Il caleidoscopio in cui Lynch ha racchiuso tutti i suoi personaggi si è rotto. Il cuore della serie, almeno per il momento, non è più la cittadina dei misteri. Si vola, tra un’inquadratura e un’altra, tra i grattacieli di New York. La Grande Mela – e questa è una magia concessa a pochi – sembra brillare più del solito. Le immagini notturne ci portano da un alveare di cemento a un altro, da una cella a un’altra, fino alla comparsa di un nuovo protagonista intento a fare qualcosa di… strano. Ma per David, che nelle sue pellicole ha srotolato il suo inconscio, di strano probabilmente non c’è nulla. Un paio di personaggi appena morti, in una scena capace di regalare brividi freddi, ricompaiono come se nulla fosse successo. Un sorridente preside si ritrova accusato di omicidio, mentre la moglie accigliata si preoccupa degli ospiti per l’imminente cena.

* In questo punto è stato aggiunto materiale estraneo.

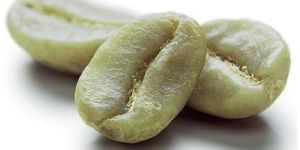 Green Coffee Seeds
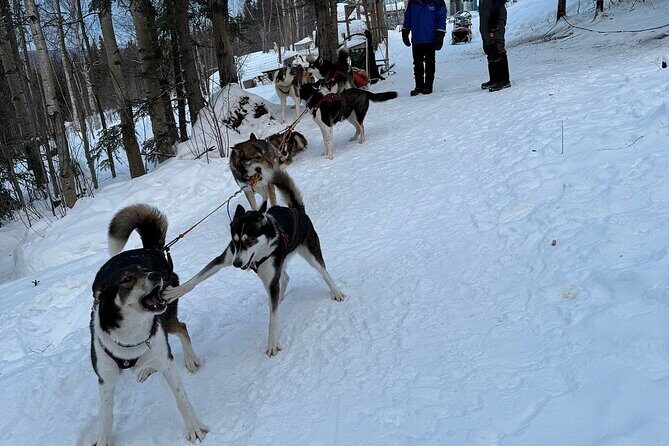 Large Groups for Mushing Activity - The Sum Up: Who Is This Tour Best For?
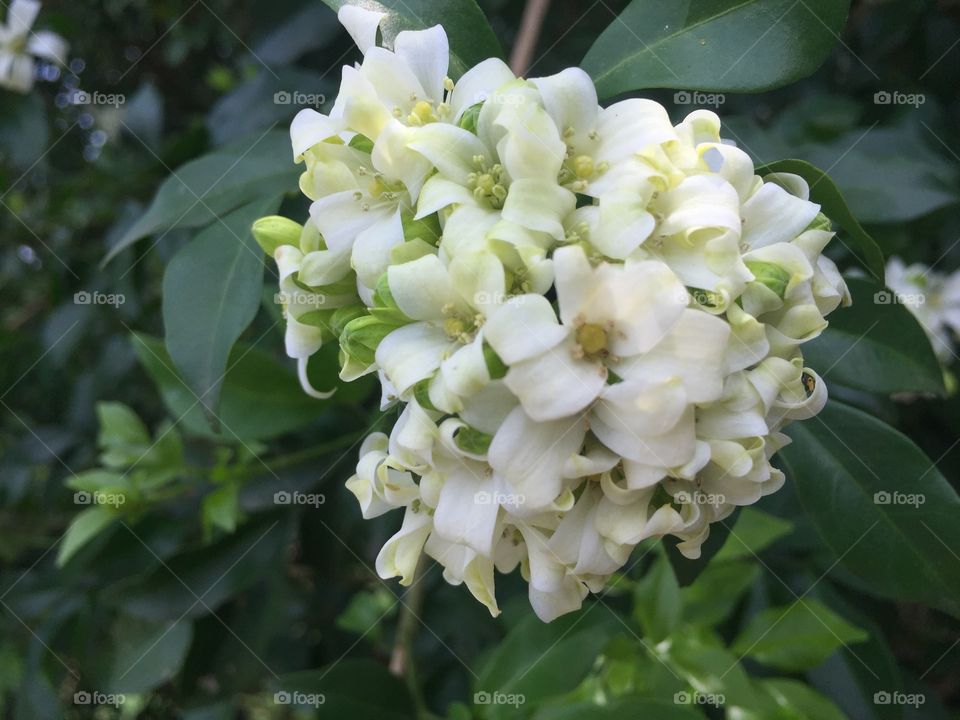 Flower, Flora, Nature, Leaf, Garden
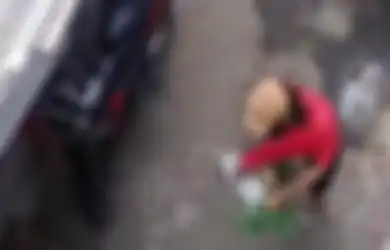 Jokowi Pernah Turun Tangan, Pengamen Topeng Monyet Kini Kembali Tertangkap Kamera Siksa Kera, Ngakunya ke Kasatpol PP Sedang Lakukan Pembinaan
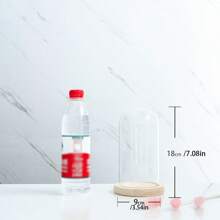 1个玻璃罩，保鲜花，娃娃展示罩，带软木底座的玻璃展示罩，梅森罐罩，花瓶展示盒，家居圣诞派对礼物装饰，生日周年纪念日，感恩节，圣诞节，母亲节，家居装饰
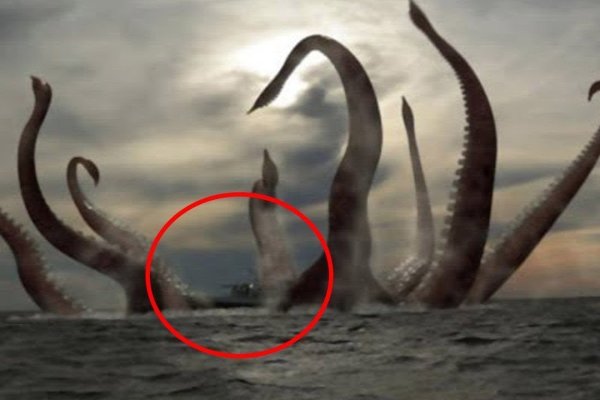 Кракен сайт магазин kraken clear com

L’America di Lynch è più viva e vera di tutto il terrore offerto al momento da American Horror Story
Lui non ama raccontare, preferisce indagare. E la sua inchiesta, costellata di quadri in movimento, porta spesso e volentieri a ricredersi. Tutto ciò che sembra chiaro diviene un nuovo punto interrogativo. Proprio come nei sogni, di cui normalmente perdiamo i dettagli, la ricerca del particolare si rivela efficace. Lynch usa la camera da presa per illustrare una sua personale caccia al tesoro, di cui tutti siamo partecipi. Bob, mostruoso e famelico spirito delle prime stagioni, è presente solo in alcuni flashback. L’attore Frank Silva – TP3 è dedicato a lui – con il suo sguardo assassino ha scioccato milioni di fan e immaginare un personaggio più spaventoso sembra impossibile. Eppure il regista è riuscito anche in questa titanica impresa…
Due ore inquiete e inquietanti, piene del ritmo sanguigno di David Lynch. Minuti cosparsi di citazioni, pregni di un disagio già presente in tutte le sue precedenti opere. Chi non conosce abbastanza bene la carriera del cineasta potrebbe rimanere spiazzato da questo lavoro. Non c’è – apparentemente – una storia da seguire: bisogna ricostruire, creare, modellare, sulla base delle proprie conoscenze. L’inconscio in genere ci tiene prigionieri, incollati alle nostre abitudini. David invece è un’anima libera, capace di tenere al guinzaglio le proprie visioni. A chi non apprezzerà Twin Peaks 3 il regista probabilmente potrebbe domandare: “Dimmi, di cosa hai paura?” E forse la soluzione, la risposta all’insondabile, è proprio lì.